La quiebra del bipartidismo ha tornado la política española en un sudoku ingobernable. Parece una maldición cuando, en realidad, debería ser una oportunidad, porque ahora la diversidad de siglas y pareceres habría de servir para “ascender a rango político de normal lo que en la calle es, simplemente, normal”, que diría Suárez. El Parlamento ha ganado matices, no los despreciemos, aprovechémoslos para superar la gran rémora que impide el progreso de la política española. Esa rémora, ese ancla que nos aferra al pasado de las identidades caducas y las pasiones por el terruño, es el nacionalismo, que en su versión catalana o vasca ha chantajeado desde sus inicios a una democracia que nunca lo combatió porque lo necesitaba. Las llaves de la Moncloa pendían tantas veces del llavero nacionalista que PSOE y PP se veían obligados a pactar con quienes no creían en el sistema para poder gobernarlo, poniendo así en solfa intocables principios democráticos como la libertad del individuo y la igualdad ante la ley.
La quiebra del bipartidismo ha tornado la política española en un sudoku ingobernable.
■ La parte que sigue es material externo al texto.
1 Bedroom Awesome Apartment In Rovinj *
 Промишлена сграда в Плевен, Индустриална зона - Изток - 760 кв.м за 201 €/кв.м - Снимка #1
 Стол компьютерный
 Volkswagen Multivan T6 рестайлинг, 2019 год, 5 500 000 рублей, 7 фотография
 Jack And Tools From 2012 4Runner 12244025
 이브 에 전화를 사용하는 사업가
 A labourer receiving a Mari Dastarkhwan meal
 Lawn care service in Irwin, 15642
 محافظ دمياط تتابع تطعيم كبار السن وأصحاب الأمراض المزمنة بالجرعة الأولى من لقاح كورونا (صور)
Parece una maldición cuando, en realidad, debería ser una oportunidad
Ha llegado el momento de superar tal contradicción, pasando página, por fin, de una historia injustamente protagonizada por quienes buscan privilegios a la sombra de una bandera, de una nación, de una invención. Por eso el centro-derecha debería abstenerse en la investidura de Pedro Sánchez como presidente del gobierno, para impedir que los nacionalistas condicionaran, una vez más, la política española. Y así empezaríamos a librarnos de la rémora, levando anclas del lodazal.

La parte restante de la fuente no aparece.